## What needs to be done
Search the records for "with". Copy every line where it appears.

## Source data
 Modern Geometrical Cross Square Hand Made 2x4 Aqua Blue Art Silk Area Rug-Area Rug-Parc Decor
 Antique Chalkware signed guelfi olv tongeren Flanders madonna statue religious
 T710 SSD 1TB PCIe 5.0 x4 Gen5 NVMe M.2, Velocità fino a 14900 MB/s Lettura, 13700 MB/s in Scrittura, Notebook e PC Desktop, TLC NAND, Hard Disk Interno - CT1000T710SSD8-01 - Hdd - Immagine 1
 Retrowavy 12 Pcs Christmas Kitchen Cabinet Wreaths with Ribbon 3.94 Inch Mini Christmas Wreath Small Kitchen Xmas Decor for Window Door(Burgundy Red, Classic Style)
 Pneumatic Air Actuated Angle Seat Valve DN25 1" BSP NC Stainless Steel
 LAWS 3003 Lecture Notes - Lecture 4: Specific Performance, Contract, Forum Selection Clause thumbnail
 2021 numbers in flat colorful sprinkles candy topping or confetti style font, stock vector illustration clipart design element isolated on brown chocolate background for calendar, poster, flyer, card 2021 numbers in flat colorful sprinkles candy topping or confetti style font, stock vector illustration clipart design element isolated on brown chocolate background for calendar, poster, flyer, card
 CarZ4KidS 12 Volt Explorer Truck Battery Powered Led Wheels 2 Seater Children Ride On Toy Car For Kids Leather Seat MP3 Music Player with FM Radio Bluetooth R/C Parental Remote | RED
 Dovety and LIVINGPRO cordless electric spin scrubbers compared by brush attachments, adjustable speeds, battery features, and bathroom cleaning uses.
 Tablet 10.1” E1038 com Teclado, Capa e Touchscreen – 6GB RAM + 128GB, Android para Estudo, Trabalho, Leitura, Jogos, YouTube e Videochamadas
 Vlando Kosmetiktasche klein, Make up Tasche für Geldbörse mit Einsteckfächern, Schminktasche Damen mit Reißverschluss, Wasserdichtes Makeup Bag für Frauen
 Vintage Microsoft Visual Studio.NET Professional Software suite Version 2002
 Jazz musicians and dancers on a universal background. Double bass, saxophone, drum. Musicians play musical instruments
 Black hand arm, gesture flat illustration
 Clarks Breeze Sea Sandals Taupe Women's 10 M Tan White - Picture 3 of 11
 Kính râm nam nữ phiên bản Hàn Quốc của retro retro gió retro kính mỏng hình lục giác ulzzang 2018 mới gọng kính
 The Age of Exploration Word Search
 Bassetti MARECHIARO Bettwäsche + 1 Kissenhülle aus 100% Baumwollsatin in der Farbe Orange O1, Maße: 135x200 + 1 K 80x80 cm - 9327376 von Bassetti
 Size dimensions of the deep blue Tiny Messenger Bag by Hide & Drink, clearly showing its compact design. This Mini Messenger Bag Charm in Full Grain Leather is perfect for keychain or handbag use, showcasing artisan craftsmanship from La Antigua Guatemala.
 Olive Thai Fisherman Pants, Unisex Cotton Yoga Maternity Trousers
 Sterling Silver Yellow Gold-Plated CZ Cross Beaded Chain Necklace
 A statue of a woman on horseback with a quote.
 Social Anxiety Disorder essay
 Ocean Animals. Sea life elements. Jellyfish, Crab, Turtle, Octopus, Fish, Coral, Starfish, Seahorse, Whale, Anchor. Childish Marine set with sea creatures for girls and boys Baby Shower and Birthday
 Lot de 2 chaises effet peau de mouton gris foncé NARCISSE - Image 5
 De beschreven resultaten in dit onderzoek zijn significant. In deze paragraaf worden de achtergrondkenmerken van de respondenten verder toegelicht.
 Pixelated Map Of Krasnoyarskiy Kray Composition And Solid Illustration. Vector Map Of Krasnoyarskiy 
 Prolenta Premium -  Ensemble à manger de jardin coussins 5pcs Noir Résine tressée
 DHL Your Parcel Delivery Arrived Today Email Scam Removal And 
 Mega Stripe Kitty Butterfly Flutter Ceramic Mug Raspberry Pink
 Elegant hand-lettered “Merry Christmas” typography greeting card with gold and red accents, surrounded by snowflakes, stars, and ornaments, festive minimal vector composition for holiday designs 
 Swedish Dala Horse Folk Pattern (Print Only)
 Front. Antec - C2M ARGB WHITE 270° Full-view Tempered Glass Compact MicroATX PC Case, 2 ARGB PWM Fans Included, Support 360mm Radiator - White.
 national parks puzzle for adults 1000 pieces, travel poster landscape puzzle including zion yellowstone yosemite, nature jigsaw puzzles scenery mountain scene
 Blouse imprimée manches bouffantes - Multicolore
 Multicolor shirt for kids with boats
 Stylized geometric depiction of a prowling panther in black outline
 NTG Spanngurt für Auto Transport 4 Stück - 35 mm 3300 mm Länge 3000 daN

## Output
 Retrowavy 12 Pcs Christmas Kitchen Cabinet Wreaths with Ribbon 3.94 Inch Mini Christmas Wreath Small Kitchen Xmas Decor for Window Door(Burgundy Red, Classic Style)
 CarZ4KidS 12 Volt Explorer Truck Battery Powered Led Wheels 2 Seater Children Ride On Toy Car For Kids Leather Seat MP3 Music Player with FM Radio Bluetooth R/C Parental Remote | RED
 A statue of a woman on horseback with a quote.
 Ocean Animals. Sea life elements. Jellyfish, Crab, Turtle, Octopus, Fish, Coral, Starfish, Seahorse, Whale, Anchor. Childish Marine set with sea creatures for girls and boys Baby Shower and Birthday
 Elegant hand-lettered “Merry Christmas” typography greeting card with gold and red accents, surrounded by snowflakes, stars, and ornaments, festive minimal vector composition for holiday designs 
 Multicolor shirt for kids with boats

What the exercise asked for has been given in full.